A mixed economy is one in which the government does not own all of the means of production, but government interests may legally circumvent, replace, limit or otherwise regulate private economic interests. By contrast, a free private economic system allows voluntary and competing private individuals to plan, produce and trade without coercive public interference.

There are many political and moral connotations wrapped up in the centuries-old, ongoing debate between statist thinkers and free-market thinkers. In real, practical terms, the differences between different types of economic systems are very basic: the rights of individual property owners versus the primacy of government authorities over production and distribution.
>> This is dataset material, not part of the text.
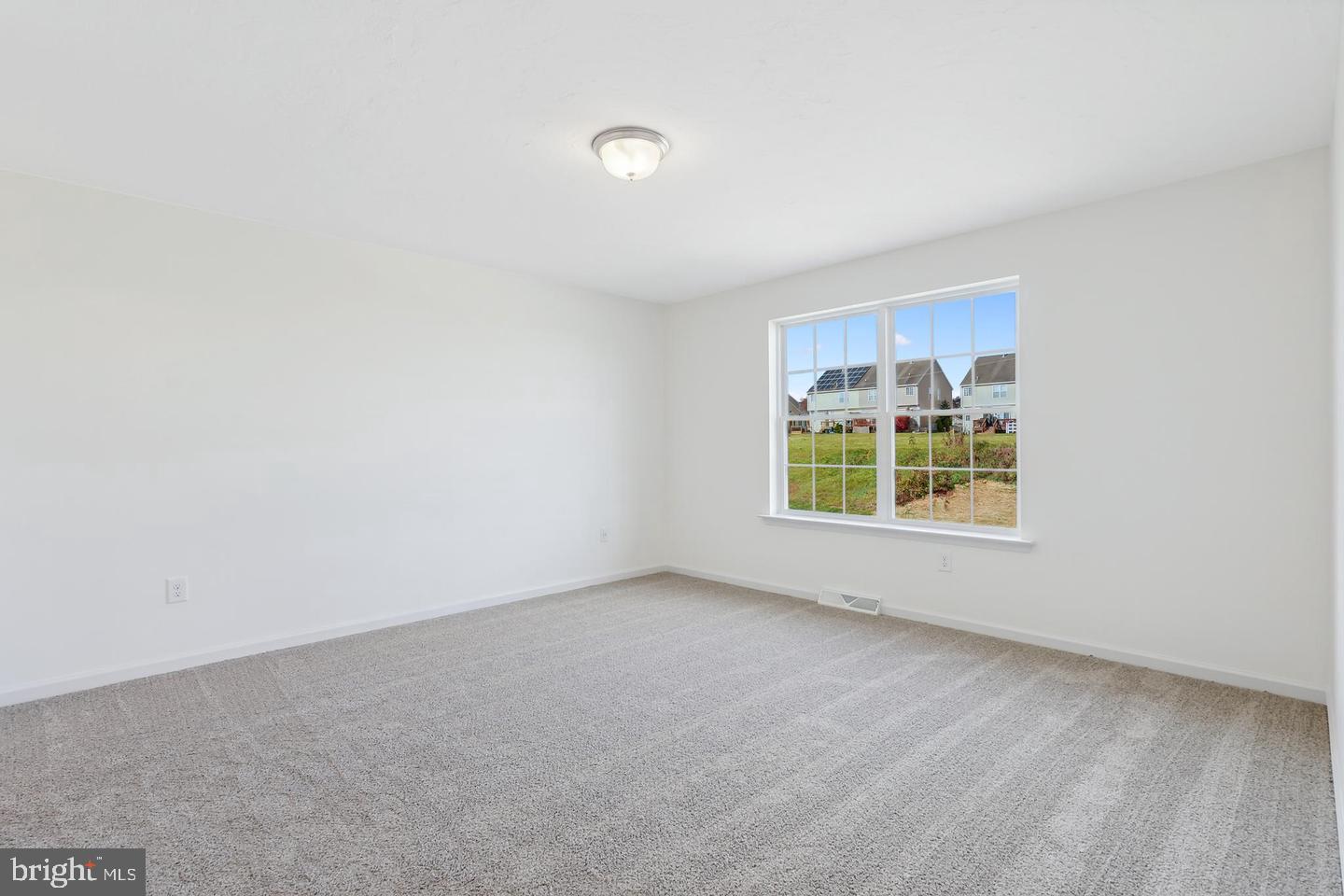 27 Kinzers Ct #68 Property Photo 11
Possible Types of Economic Planning

There are three broad methods of economic policies. The first is state ownership of production, or socialism. The second is controlled private ownership, or a mixed economy, in which the state allows varying degrees of freedom between producers and consumers. The last is laissez-faire capitalism, where private property rights and freedom of contract are the dominant framework of production and trade.

Nearly every country in the world has a mixed economy. North Korea, a state-run dictatorship, is an example of a fully socialist system. Even relatively free-market economies, such as Hong Kong or Australia, are still mixed.

Property Rights

The laissez-faire economy evolves out of a system of respected private property rights. Property owners – including the owners of machines, capital and other input resources – may contract and trade with each other as they see fit, irrespective of the wants of government.

A mixed economy places limits on property rights. Property owners are restricted with regards to how they exchange with one another. These restrictions come in many forms, such as minimum wage laws, tariffs, quotas, windfall taxes, license restrictions, prohibited products or contracts, direct public expropriation, anti-trust legislation, legal tender laws, subsidies, and eminent domain.

In Western democratic republics, property rights may be violated if the plurality of elected representatives deem that such violations are in the public's (or their own) best interest.